Q. Okay, and it’d be what you told us today?
A. Yes.
Q. Okay. Now, Mr. Everett has gone into this event and used the term for the defendant on trial as “this individual” and “this attacker” and “this assailant” and all these other pronouns and nouns and adjectives describing the individual. I’d like for you to tell the jury just exactly who the individual was and is that stabbed you?
BY MR. EVERETT:
Your Honor, that is improper ... that is improper redirect. It has no probative value of any information listed on cross-examination. It is merely repetitive of the ... the things that have gone before.
*766The jury has heard this and I really don’t think there’s any ... any useful purpose to be served by her further answering that question. It adds nothing.
BY MR. FOWLER:
In rebuttal to an area that was brought up numerous times in which Ms. Gillespie attempted to correct him by saying “Scott did,” he said, “No, I (Indistinct) the assailant, the individual.” He went back and back and never did use the defendant or have him identified so I’m now rebutting that which he has tried to say that someone else did it. I ... I can use that as to the assailant, the attacker, this person and ... and I wrote down and I just quit after five. I didn’t think there was anything else, you know, and she tried to correct him on the thing but he ...
BY THE COURT:
Well, he ... he didn’t ... far as I can recall and Mr. Everett takes the position, I assume, that his client didn do it and he used the phrase “assailant, “attacker. I ... I really saw nothing wrong with ... with that phraselogy (sic) at that point. The objection is sustained.
BY MR. FOWLER:
All right, sir. I don’t think I have anything that ...
BY THE COURT:
And I believe I’m correct, am I not, counsel for both sides that Ms. Gillespie has identified the accused, Mr. Scott Thorne, as her assailant, has she not?
BY MR. EVERETT:
Your Honor, she’s ... she’s made a ... a legally founded in-court identification.
BY THE COURT:
That’s what I say. She has testified that she recognized him.
BY MR. FOWLER:
Yes, sir.
BY MR. EVERETT:
And ... and we did not object to her in-court identification.
BY THE COURT:
Yes, I understand. All right.
BY MR. FOWLER:
I ... I don’t let me see. I don’t think I have anything else to even ...
BY THE COURT:
All right, you may confer.
BY MR. FOWLER:
All right, just one second.” (Emphasis Added).

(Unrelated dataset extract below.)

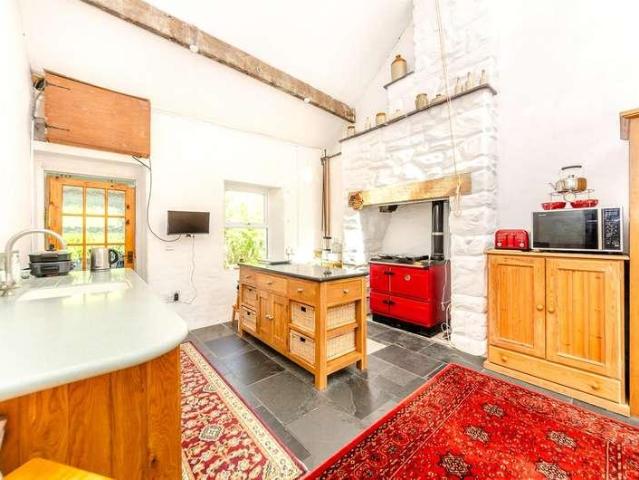 House for sale in Llanllyfni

It should be initially noted that the defendant did not object to the court’s comment and, thus, may have waived his right to complain on appeal. La.C.Cr.P. art. 841. Even if the defendant had objected, pursuant to State v. Pettaway, 450 So.2d 1345 (La.App. 2nd Cir.1984), and State v. Guin, 444 So.2d 625 (La.App. 3rd Cir.1983), the trial judge was properly ruling on an objection and, thus, was not making prejudicial remarks when he stated as follows:

“Well, he ... he didn’t ... far as I can recall and Mr. Everett takes the position, I assume, that his client didn’t do it and he used the phrase “assailant,” “attacker.” I ... I really saw nothing wrong with ... with that phraselogy (sic) at that point. The objection is sustained.”

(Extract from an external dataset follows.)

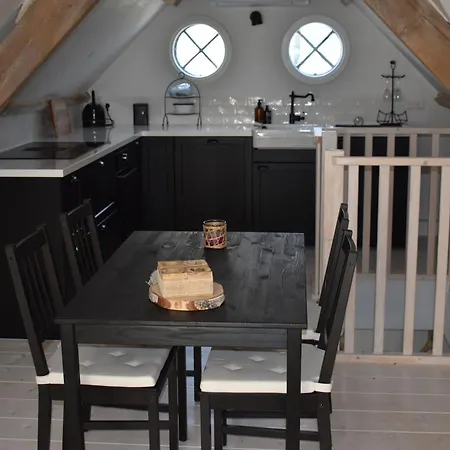 Appartement Het Koetshuis *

In stating that the victim had identified the defendant as the assailant, the trial judge was clarifying the discussion between the attorneys and was not commenting on the evidence. State v. Roberson, supra.

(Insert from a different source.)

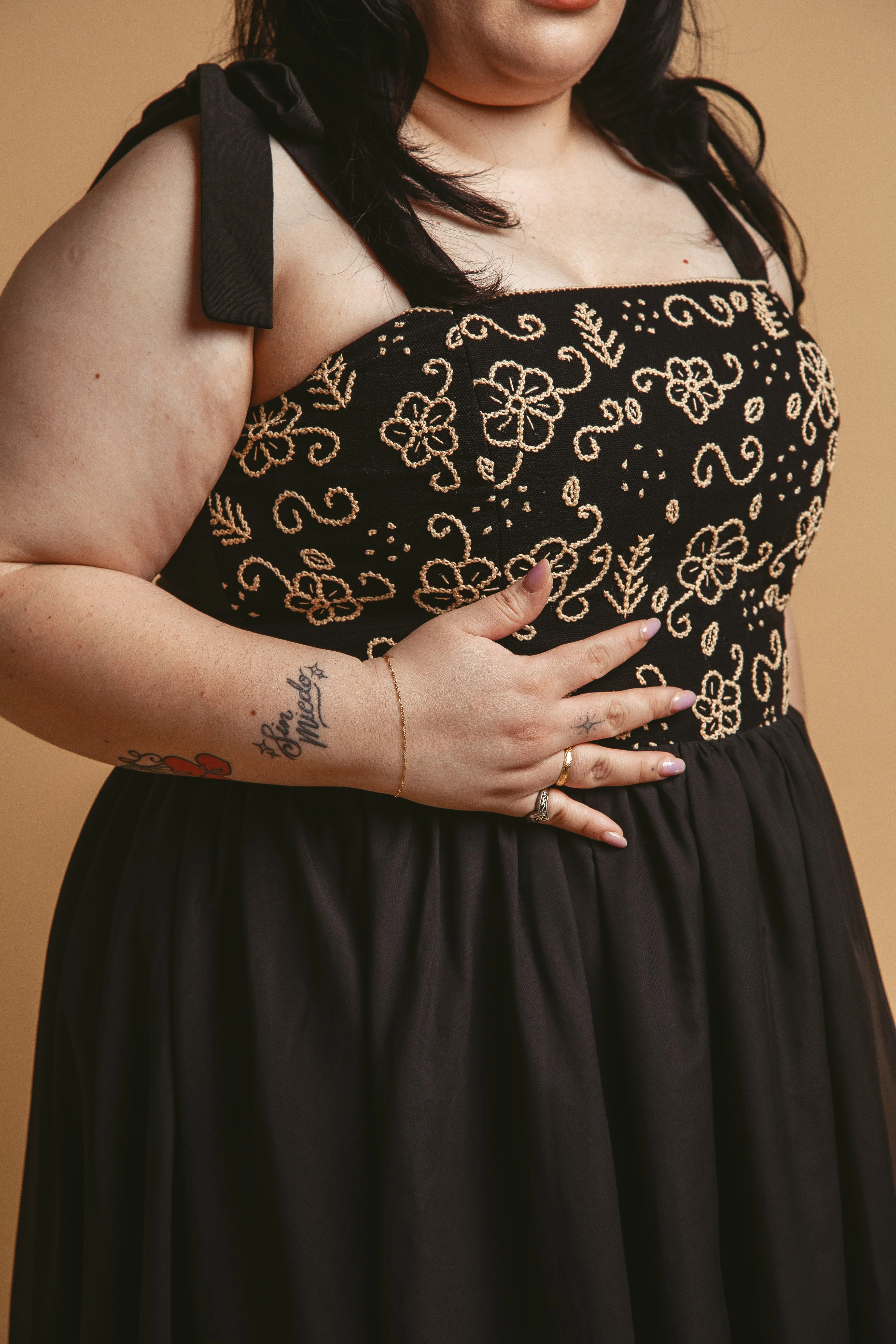 Santa Cruz Embroidered Dress - Image 3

The record indicates that the trial judge did not improperly comment in the evidence. This assignment of error, thus, lacks merit.

ASSIGNMENTS OF ERROR NOS. 2, 3, 4, 5, AND 6 IN BRIEF ASSIGNMENT OF ERROR NO. 3 OF ASSIGNMENTS OF ERROR FILED IN TRIAL COURT:

In this assignment of error, the defendant contends that the trial court erred in not permitting the defense to cross-examine a prosecution witness. On rebuttal, the state presented Deputy Elias. After the court sustained the defendant’s objection to some of his testimony, the state began its closing argument. The defendant now claims he was denied the right to cross-examine the witness. The defendant however, did not object to the state’s proceeding with a closing argument after the witness was excused. Pursuant to La.C. Cr.P. art. 841, the defendant cannot com*767plain of an error on appeal if he did not object at the time of its occurrence. This assignment of error, thus, lacks merit.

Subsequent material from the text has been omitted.